The Exit 8 could technically be called a horror game, but the term “anxiety game” feels more appropriate. You start off in the hallway of a Japanese subway. Signs are leading you to Exit 8. The goal is to reach that exit. You can run, or you can walk. But another sign warns you of the very simple rules.
“Don’t overlook any anomalies.”
“If you find anomalies, turn back immediately.”
“If you don’t find anomalies, do not turn back.”
“To go out from Exit 8.”
The first sign you will encounter indicates Exit 0. The hallway loops. Every time you walk down the hallway, you must check to see if anything is off. If something isn’t wrong and you loop through the hallway, the next sign is for Exit 1. If you miss an anomaly, or if you go back when you should proceed, the exit sign will reset back to zero. That might sound easy but let me tell you know: this game is a real motherfucker.
Sometimes the anomalies are patently obvious – big spooky Japanese Horror jumpscares. But most of the time anomalies are tremendously subtle, and it turns out that those are far more terrifying. Were the posters always like that? What was that noise? And on top of everything, there is the constant hum of fluorescents, an occasional mechanical -click-. Welcome to hell, my man.
If you have OCD or regularly experience anxiety, this game is either the Olympics you have been training for your entire life, a trigger for a full on panic attack, or both. The Exit 8 is a game whose primary verb is checking. You are trapped here, in this place, until you do everything right. I have never felt so immediately tormented by and at home with a game’s internal logic.
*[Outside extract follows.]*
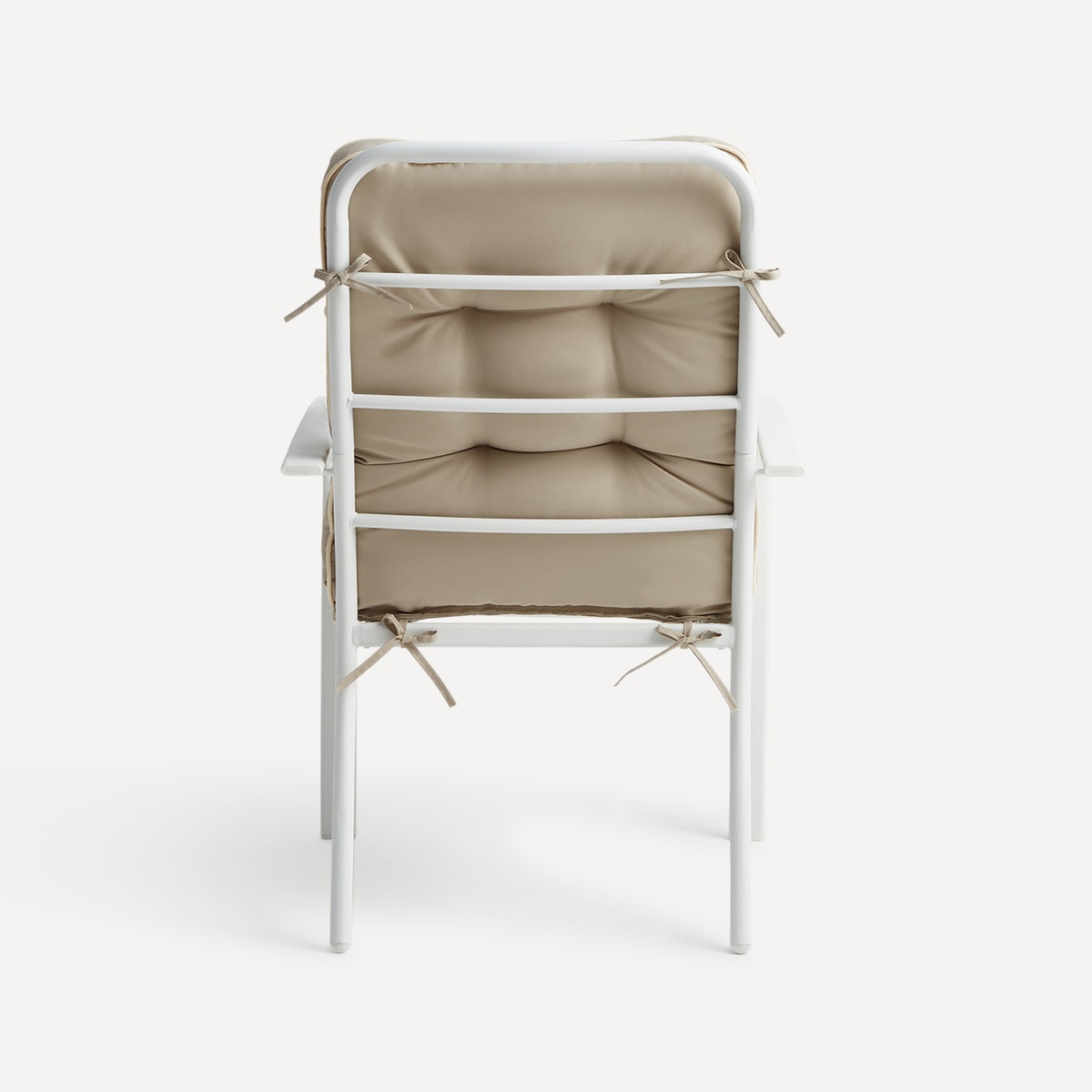 Sillón de comedor de jardín Europa Basics El Corte Inglés Blanco / Beige-4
How can I be mad at a game whose thought process so thoroughly mirrors my own? That’s like getting mad at certain tiles on the floor for being made of hot lava.
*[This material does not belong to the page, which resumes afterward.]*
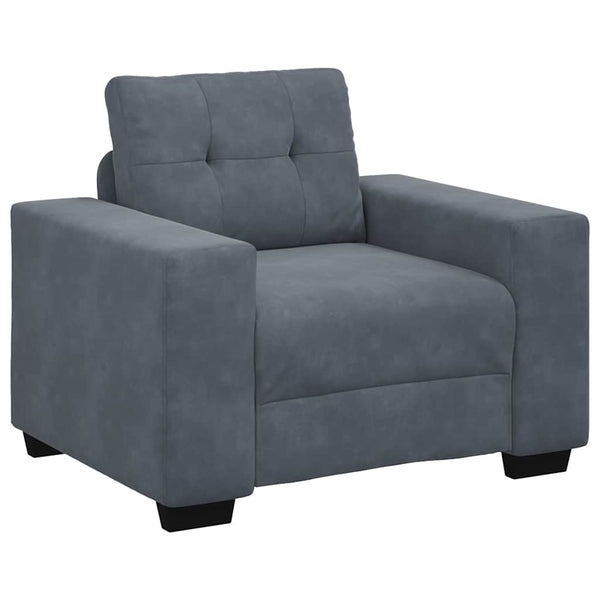 vidaXL Fauteuil gris foncé 100x78x80 cm Velours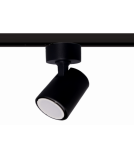 Lamps for 1 phase busbars - Light Prestige Snow spotlight for busbar 1F black GU10 black LP-731/1R BK - product 1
What was that flickering? I should go back. The tiles are slightly off. I should go back. Why is the man looking at me this time? I should turn back. Oh no, I was wrong this time? What could I have missed? I checked everything, didn’t I? Was the poster always like that? Is that moving? I should go back. I should go back. I should go back.
It would be easy to slot this game neatly into the current zeitgeist of American horror, since it is a game about liminal spaces and backrooms. But The Exit 8 is first and foremost a Japanese game. Horror YouTubers and several Japanese Vtubers have already picked it up, it’s blown up on Japanese Twitter and as of this writing it has more than 1,800 reviews on Steam, the majority of which are overwhelmingly positive. The lineage of P.T. is so patently obvious it barely needs to be stated, but it also reminds a lot of LSD: Dream Emulator – a game whose primary action is to parse the cryptic changes in a space from day to day and see how they connect to your actions.
What I appreciate so much is the repetition and banality of it all. If you have ever commuted on public transit, this dread is an old friend. After thousands of commutes the placement of every damaged tile, every flickering light, every step on the stairs that’s a half an inch too short becomes instinct to you. You can spot when something has been altered out of the corner of your eye, and when you do it throws you off a little. This game is about that.
Take comfort in the fact that The Exit 8 is a solvable game. If you know what you are looking for, you can beat it in a few minutes, and speedrunners are already on it. I finished it in about an hour or so and can reliably beat it in under five. If you get really frustrated you can just look up a compilation of every anomaly, make a checklist, and then beat it. But where’s the fun in that?
Anyway yeah, fun game, pick it up on Steam. And remember to check everything before you leave. And I mean everything.